AVAILABLE DATA »
+-------+

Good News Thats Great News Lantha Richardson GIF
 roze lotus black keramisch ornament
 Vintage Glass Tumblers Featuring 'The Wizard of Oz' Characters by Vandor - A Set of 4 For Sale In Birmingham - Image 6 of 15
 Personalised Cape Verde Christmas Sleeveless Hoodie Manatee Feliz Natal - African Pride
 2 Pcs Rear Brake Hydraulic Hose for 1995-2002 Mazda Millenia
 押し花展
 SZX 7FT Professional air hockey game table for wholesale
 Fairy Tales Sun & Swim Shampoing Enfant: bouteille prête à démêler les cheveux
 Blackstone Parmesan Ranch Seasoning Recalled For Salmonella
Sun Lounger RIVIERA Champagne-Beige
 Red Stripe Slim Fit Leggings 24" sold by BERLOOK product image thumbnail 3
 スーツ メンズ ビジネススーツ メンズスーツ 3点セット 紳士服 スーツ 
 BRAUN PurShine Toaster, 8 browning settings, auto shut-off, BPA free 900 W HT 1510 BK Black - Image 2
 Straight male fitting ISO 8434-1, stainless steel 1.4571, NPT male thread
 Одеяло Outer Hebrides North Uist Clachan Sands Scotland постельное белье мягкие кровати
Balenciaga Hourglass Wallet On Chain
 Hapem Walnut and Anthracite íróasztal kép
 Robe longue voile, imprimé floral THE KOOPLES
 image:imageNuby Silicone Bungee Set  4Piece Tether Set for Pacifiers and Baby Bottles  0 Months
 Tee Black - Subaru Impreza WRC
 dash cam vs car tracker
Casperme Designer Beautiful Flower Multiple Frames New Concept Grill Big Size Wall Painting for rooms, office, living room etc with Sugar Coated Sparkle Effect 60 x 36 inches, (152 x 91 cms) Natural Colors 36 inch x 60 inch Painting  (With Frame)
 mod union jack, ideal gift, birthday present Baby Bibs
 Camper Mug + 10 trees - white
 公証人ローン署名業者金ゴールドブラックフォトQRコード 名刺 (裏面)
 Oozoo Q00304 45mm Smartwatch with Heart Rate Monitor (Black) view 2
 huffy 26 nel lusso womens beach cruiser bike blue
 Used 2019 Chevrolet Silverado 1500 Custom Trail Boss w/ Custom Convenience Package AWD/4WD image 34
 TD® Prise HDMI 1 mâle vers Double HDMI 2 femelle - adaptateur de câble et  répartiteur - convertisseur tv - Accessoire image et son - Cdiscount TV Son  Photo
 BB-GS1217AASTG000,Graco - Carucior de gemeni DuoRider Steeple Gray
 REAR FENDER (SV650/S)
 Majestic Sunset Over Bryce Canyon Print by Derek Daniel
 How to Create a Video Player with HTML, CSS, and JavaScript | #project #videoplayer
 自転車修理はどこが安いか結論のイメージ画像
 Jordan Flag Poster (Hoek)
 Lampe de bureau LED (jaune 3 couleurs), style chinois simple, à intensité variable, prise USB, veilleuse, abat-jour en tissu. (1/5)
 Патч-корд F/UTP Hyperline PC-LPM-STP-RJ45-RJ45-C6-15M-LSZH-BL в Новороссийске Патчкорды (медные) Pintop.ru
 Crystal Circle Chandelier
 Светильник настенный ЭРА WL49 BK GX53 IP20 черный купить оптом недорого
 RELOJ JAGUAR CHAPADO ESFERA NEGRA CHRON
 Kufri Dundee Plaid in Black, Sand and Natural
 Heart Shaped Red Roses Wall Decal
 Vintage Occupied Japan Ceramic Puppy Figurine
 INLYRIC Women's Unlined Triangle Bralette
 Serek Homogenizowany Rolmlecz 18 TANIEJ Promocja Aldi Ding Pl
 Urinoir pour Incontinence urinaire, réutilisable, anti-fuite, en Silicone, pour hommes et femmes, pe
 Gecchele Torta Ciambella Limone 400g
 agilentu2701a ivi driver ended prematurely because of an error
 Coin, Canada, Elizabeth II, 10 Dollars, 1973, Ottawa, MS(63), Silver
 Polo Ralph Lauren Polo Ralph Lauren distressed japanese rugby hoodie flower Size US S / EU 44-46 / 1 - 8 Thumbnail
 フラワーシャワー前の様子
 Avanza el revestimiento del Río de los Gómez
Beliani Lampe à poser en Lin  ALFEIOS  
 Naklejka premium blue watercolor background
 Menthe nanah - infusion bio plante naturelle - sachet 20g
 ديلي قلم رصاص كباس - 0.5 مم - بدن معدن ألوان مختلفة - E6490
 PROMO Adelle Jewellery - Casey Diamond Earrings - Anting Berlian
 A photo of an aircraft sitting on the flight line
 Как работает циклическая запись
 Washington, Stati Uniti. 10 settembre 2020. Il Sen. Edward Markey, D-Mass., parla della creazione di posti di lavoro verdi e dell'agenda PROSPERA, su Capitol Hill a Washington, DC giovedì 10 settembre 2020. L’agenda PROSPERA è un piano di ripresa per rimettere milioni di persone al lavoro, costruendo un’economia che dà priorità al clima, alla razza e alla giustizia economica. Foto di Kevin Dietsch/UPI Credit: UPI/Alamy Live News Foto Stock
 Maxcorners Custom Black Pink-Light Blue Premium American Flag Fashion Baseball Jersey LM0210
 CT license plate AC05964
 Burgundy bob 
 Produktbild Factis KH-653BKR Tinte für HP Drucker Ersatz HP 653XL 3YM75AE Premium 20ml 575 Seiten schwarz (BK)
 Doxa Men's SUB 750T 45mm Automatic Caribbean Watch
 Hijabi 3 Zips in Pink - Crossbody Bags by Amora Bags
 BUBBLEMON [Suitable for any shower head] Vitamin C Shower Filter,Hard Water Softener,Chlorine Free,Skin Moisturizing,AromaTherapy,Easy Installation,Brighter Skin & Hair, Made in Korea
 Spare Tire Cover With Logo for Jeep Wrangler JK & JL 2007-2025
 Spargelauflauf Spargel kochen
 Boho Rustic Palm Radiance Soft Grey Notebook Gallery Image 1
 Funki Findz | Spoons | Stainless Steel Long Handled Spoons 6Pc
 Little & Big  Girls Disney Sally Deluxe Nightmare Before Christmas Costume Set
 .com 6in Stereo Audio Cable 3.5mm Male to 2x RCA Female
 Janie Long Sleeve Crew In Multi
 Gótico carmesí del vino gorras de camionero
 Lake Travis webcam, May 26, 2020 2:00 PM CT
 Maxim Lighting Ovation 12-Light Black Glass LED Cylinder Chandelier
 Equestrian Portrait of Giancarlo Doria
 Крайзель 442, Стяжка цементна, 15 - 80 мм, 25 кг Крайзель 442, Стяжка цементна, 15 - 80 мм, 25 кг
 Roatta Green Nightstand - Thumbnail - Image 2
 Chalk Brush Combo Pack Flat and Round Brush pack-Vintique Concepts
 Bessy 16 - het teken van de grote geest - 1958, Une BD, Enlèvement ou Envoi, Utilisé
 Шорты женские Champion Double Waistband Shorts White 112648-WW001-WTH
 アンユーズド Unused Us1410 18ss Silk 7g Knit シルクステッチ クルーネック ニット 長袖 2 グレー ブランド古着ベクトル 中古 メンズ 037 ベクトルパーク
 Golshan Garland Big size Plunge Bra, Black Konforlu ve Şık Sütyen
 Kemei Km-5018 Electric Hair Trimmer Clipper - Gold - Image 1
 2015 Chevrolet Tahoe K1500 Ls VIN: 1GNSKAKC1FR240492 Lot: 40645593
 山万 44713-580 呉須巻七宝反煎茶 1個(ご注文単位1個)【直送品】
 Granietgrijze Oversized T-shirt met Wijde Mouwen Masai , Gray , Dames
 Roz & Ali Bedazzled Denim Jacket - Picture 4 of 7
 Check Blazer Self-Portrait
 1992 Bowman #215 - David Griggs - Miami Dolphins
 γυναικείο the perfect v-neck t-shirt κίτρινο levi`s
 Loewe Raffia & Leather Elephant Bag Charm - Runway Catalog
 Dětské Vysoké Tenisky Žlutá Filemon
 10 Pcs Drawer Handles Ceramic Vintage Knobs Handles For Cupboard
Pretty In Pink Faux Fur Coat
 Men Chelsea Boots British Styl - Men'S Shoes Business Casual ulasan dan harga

+-------+

TASK »
What are the lines, exactly as written above, from the line with "Heart Shaped Red Roses Wall Decal" to the line with "Coin, Canada, Elizabeth", both included? Output only those.

RESULT OF THE EXERCISE »
 Heart Shaped Red Roses Wall Decal
 Vintage Occupied Japan Ceramic Puppy Figurine
 INLYRIC Women's Unlined Triangle Bralette
 Serek Homogenizowany Rolmlecz 18 TANIEJ Promocja Aldi Ding Pl
 Urinoir pour Incontinence urinaire, réutilisable, anti-fuite, en Silicone, pour hommes et femmes, pe
 Gecchele Torta Ciambella Limone 400g
 agilentu2701a ivi driver ended prematurely because of an error
 Coin, Canada, Elizabeth II, 10 Dollars, 1973, Ottawa, MS(63), Silver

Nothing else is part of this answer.